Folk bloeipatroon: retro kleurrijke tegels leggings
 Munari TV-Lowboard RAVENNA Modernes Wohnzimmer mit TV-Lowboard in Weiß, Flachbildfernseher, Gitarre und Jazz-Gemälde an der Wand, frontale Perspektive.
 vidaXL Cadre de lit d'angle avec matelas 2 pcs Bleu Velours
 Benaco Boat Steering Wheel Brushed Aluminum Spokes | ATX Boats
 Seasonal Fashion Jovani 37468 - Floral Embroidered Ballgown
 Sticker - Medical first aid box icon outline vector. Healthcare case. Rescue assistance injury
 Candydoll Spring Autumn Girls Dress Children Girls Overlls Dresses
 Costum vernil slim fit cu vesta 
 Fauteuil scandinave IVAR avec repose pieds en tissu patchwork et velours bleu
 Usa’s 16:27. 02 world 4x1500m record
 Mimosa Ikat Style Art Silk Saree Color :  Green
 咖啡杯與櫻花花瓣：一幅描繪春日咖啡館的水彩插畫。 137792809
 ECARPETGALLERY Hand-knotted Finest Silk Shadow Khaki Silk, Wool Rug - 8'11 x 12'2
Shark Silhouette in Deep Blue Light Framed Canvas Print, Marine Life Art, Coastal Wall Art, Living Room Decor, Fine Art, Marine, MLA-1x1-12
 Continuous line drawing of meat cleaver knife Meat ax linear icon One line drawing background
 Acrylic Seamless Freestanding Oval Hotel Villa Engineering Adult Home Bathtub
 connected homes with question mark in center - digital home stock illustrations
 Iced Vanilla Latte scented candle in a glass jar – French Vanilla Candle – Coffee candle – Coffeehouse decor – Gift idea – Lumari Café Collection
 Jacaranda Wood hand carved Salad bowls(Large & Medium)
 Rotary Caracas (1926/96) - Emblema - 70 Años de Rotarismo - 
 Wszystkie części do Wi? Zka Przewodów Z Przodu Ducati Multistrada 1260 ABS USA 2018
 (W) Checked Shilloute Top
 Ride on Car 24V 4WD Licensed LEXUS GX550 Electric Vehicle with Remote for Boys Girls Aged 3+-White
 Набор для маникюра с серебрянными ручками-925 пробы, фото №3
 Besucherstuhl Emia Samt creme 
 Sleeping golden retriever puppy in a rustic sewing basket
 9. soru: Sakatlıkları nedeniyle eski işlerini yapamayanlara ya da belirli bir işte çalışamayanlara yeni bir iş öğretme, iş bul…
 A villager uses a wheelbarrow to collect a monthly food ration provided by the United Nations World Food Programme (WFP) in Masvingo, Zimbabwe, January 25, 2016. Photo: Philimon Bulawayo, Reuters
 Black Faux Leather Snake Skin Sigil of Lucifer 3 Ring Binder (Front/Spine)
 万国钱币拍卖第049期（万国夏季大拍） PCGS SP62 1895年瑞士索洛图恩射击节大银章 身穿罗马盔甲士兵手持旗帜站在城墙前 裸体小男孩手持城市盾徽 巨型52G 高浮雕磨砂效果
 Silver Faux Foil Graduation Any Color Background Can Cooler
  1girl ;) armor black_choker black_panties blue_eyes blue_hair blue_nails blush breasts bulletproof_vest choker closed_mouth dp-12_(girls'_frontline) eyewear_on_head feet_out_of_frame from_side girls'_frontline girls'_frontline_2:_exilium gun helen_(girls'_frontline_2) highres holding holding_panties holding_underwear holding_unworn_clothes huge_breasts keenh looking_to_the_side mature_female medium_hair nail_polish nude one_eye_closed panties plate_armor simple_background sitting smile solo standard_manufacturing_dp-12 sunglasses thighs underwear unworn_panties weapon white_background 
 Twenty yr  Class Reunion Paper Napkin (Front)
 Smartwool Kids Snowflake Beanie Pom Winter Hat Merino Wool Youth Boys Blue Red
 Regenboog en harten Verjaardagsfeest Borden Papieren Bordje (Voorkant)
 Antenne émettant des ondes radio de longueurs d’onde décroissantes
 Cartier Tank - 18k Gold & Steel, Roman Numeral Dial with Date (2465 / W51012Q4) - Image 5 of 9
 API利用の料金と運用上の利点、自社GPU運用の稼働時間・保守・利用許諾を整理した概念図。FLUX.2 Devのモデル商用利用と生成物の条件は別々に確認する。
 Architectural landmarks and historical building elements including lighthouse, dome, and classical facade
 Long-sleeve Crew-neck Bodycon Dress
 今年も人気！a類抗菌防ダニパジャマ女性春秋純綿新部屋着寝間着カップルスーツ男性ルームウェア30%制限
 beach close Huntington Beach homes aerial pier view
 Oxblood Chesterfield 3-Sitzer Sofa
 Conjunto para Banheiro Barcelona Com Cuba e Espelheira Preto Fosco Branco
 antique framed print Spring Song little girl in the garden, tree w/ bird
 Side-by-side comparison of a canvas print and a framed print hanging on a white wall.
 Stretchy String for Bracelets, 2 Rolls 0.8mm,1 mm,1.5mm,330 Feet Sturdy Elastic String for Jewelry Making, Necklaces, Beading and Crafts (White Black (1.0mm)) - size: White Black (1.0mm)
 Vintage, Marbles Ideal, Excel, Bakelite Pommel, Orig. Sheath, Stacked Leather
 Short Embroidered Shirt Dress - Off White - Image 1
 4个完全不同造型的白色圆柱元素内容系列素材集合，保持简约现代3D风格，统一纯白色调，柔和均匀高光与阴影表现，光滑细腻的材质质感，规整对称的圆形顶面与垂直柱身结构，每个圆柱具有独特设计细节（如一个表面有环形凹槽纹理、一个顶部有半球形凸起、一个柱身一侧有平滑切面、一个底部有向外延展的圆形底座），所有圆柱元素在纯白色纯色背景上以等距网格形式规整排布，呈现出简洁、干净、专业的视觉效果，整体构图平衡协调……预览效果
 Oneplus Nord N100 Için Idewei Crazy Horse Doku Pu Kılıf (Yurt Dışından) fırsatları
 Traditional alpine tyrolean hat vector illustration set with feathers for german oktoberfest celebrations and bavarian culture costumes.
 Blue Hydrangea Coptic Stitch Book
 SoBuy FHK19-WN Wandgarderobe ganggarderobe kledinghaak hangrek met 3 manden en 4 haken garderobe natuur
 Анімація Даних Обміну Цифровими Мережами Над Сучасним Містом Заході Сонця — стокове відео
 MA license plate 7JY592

* **Brief**
Beginning at the line with "connected homes with" and stopping after the line with "Silver Faux Foil", please write out every line of the data above exactly and nothing else.

* **Exercise response**
 connected homes with question mark in center - digital home stock illustrations
 Iced Vanilla Latte scented candle in a glass jar – French Vanilla Candle – Coffee candle – Coffeehouse decor – Gift idea – Lumari Café Collection
 Jacaranda Wood hand carved Salad bowls(Large & Medium)
 Rotary Caracas (1926/96) - Emblema - 70 Años de Rotarismo - 
 Wszystkie części do Wi? Zka Przewodów Z Przodu Ducati Multistrada 1260 ABS USA 2018
 (W) Checked Shilloute Top
 Ride on Car 24V 4WD Licensed LEXUS GX550 Electric Vehicle with Remote for Boys Girls Aged 3+-White
 Набор для маникюра с серебрянными ручками-925 пробы, фото №3
 Besucherstuhl Emia Samt creme 
 Sleeping golden retriever puppy in a rustic sewing basket
 9. soru: Sakatlıkları nedeniyle eski işlerini yapamayanlara ya da belirli bir işte çalışamayanlara yeni bir iş öğretme, iş bul…
 A villager uses a wheelbarrow to collect a monthly food ration provided by the United Nations World Food Programme (WFP) in Masvingo, Zimbabwe, January 25, 2016. Photo: Philimon Bulawayo, Reuters
 Black Faux Leather Snake Skin Sigil of Lucifer 3 Ring Binder (Front/Spine)
 万国钱币拍卖第049期（万国夏季大拍） PCGS SP62 1895年瑞士索洛图恩射击节大银章 身穿罗马盔甲士兵手持旗帜站在城墙前 裸体小男孩手持城市盾徽 巨型52G 高浮雕磨砂效果
 Silver Faux Foil Graduation Any Color Background Can Cooler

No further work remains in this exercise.